Zu § 5 Ausnahmen von der Informationspflicht

  • in den Ausnahmekatalog sind die Innenrevisionen sowie das „Dezernat Interne Ermittlungen“ auf jeden Fall wieder mit aufzunehmen. Unterliegen beide dem Transparenzgebot werden diese faktisch wirkungslos.

  • Die Arbeitsgruppe Scientology wurde am 1. September 2010 aufgelöst. Die Aufgaben (Beratung von Einzelpersonen und Unternehmen bis hin zur Betreuung von Scientology-Aussteigern) sind auf den Hamburger Verfassungsschutz übergegangen und unterliegen damit bereits der Ausnahmeregelung. Daher wäre zu prüfen, ob dieser Kullerpunkt zur AGS im Gesetz bleiben soll.

Zu § 7 Betriebs- und Geschäftsgeheimnisse

  • In § 7 wirkt die Definition nach Abs. 1 entgegen der Begründung sehr weit. Hier empfehlen wir, die Definition des Bundesverfassungsgerichts zu übernehmen.

zu § 11 Ausgestaltung der Veröffentlichungspflicht

  • Bei § 11 (1) sollte im Hinblick auf das Informationsregister erwogen werden, konkrete Anforderungen an die Struktur des Registers und die Suchmöglichkeiten zu normieren.

  • § 11 (2) zur Veröffentlichungspflicht kann so nicht bleiben. Dieser Paragraph liefert dem Senat einen Grund, das gesamte Gesetz dem Verfassungsgericht vorzulegen und somit den Zeitplan zu gefährden. Dieses Ziel muss auf Bundesebene verfolgt werden.

  • Im § 11 Absatz 3 Satz 1 ist „nichtkommerziell“ oder ähnliches zu ergänzen. Die Nutzung, Weiterverwendung und Verbreitung der Informationen zu kommerziellen Zwecken sollte nicht frei gestellt sein.
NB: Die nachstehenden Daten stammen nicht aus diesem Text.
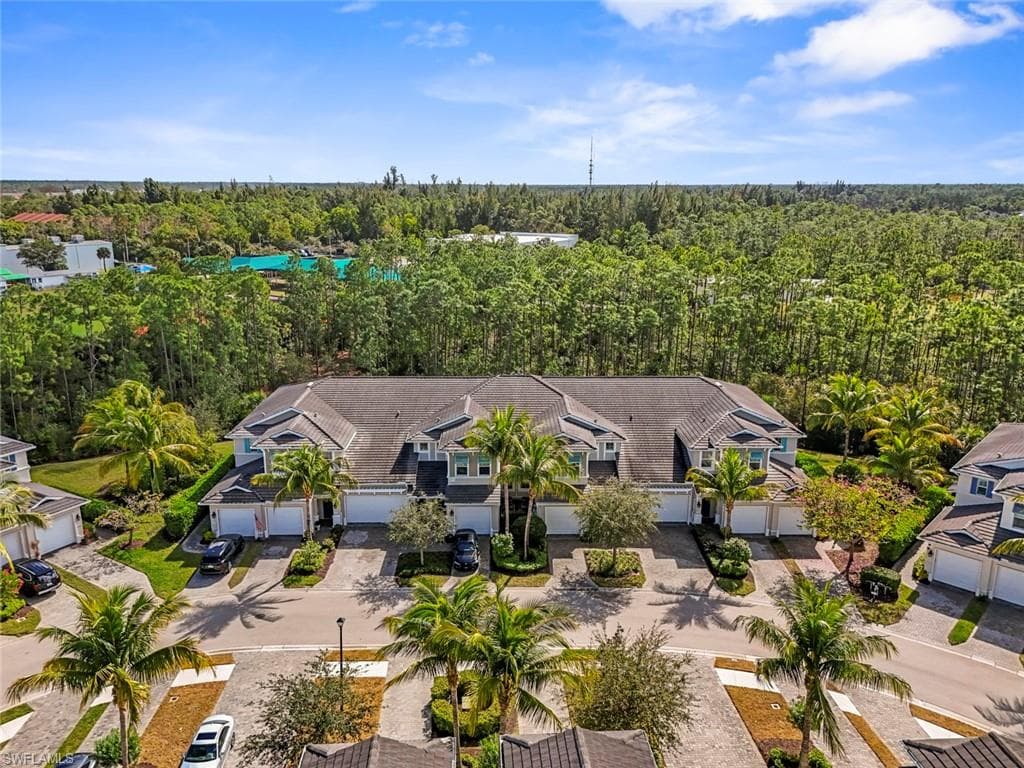 6973 Avalon CIR 1406-26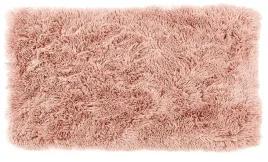 dywanik-lazienkowy-pluszowy-shaggy-megan-50x80-j-rozowy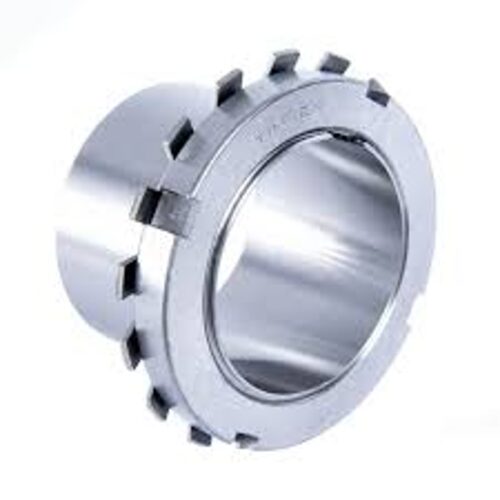 KT 100 mm Adapter Sleeve H 222 110 mm KM 22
  • Im § 11 Absatz 3 Satz 2 ist die Vergangenheitsform zu wählen: „Das gilt auch für Gutachten, Studien und andere Dokumente, die in die Entscheidung der Behörden eingeflossen sind oder ihrer Vorbereitung dienten.“ Damit wird verdeutlicht, dass der verfassungsrechtlich geschützte Willensbildungsprozess respektiert bleibt.

  • § 11 bzw. die Gesamtkonstruktion der Veröffentlichungspflicht wird eine Re-Finanzierung des finanziellen Aufwandes der Verwaltung in keiner  Weise mit geregelt. Mit bedacht werden muss an dieser Stelle außerdem die EU-RL über die Weiterverwendung von Informationen des öffentlichen Sektors, die derzeit neu verhandelt wird. Es fehlen Regelungen zur Barrierefreiheit des Zugangs und zum Zugang für Internet-Nichtnutzer.

Zu § 12 Antrag

  • In § 12 (1) fehlt eine Regelung zur sicheren Antragstellung, sonst läuft es voll lesbar per offener E-Mail. Hier könnte ggf. ein Verweis auf EGovG-E und/oder De-Mail weiterhelfen.

  • In § 12 (2) ist „Stelle“ ein undefinierter Begriff.

Zu § 19 Übergangsregelungen, Inkrafttreten

  • Angesichts unserer bisherigen Erfahrungen mit städtischen IT-Projekten halten wir die in § 19 Abs. 2 genannten Frist von 12 Monaten, innerhalb derer das Informationsregister stehen soll, für unrealistisch. Es sei denn, es geht hier nicht um ein Informationsregister, das über Schnittstellen automatisiert erstellt werden soll.